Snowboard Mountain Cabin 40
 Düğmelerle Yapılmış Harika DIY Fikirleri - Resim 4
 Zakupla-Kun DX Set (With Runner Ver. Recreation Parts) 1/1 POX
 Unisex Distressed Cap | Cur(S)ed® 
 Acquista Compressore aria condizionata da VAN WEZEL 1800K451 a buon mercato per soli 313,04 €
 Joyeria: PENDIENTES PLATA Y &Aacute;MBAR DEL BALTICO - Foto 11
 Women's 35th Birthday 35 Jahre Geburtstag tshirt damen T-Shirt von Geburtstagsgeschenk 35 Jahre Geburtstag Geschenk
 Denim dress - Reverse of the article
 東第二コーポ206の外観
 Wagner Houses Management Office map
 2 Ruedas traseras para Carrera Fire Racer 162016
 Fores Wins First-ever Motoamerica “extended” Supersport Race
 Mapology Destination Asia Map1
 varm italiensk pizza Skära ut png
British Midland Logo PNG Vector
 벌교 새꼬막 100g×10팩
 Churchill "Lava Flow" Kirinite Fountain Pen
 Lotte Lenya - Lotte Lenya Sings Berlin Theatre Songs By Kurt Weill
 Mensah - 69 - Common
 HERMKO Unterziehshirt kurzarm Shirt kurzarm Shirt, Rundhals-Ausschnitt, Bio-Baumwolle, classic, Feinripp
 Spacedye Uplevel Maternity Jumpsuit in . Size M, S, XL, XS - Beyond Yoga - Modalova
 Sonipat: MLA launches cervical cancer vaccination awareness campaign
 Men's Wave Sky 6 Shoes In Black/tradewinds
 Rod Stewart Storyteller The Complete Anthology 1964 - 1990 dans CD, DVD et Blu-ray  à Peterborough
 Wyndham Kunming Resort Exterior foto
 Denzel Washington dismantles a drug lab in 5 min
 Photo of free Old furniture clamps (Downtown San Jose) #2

**TASK BRIEF:**
Each line above is to be restated exactly.

**EXERCISE ANSWER:**
Snowboard Mountain Cabin 40
 Düğmelerle Yapılmış Harika DIY Fikirleri - Resim 4
 Zakupla-Kun DX Set (With Runner Ver. Recreation Parts) 1/1 POX
 Unisex Distressed Cap | Cur(S)ed® 
 Acquista Compressore aria condizionata da VAN WEZEL 1800K451 a buon mercato per soli 313,04 €
 Joyeria: PENDIENTES PLATA Y &Aacute;MBAR DEL BALTICO - Foto 11
 Women's 35th Birthday 35 Jahre Geburtstag tshirt damen T-Shirt von Geburtstagsgeschenk 35 Jahre Geburtstag Geschenk
 Denim dress - Reverse of the article
 東第二コーポ206の外観
 Wagner Houses Management Office map
 2 Ruedas traseras para Carrera Fire Racer 162016
 Fores Wins First-ever Motoamerica “extended” Supersport Race
 Mapology Destination Asia Map1
 varm italiensk pizza Skära ut png
British Midland Logo PNG Vector
 벌교 새꼬막 100g×10팩
 Churchill "Lava Flow" Kirinite Fountain Pen
 Lotte Lenya - Lotte Lenya Sings Berlin Theatre Songs By Kurt Weill
 Mensah - 69 - Common
 HERMKO Unterziehshirt kurzarm Shirt kurzarm Shirt, Rundhals-Ausschnitt, Bio-Baumwolle, classic, Feinripp
 Spacedye Uplevel Maternity Jumpsuit in . Size M, S, XL, XS - Beyond Yoga - Modalova
 Sonipat: MLA launches cervical cancer vaccination awareness campaign
 Men's Wave Sky 6 Shoes In Black/tradewinds
 Rod Stewart Storyteller The Complete Anthology 1964 - 1990 dans CD, DVD et Blu-ray  à Peterborough
 Wyndham Kunming Resort Exterior foto
 Denzel Washington dismantles a drug lab in 5 min
 Photo of free Old furniture clamps (Downtown San Jose) #2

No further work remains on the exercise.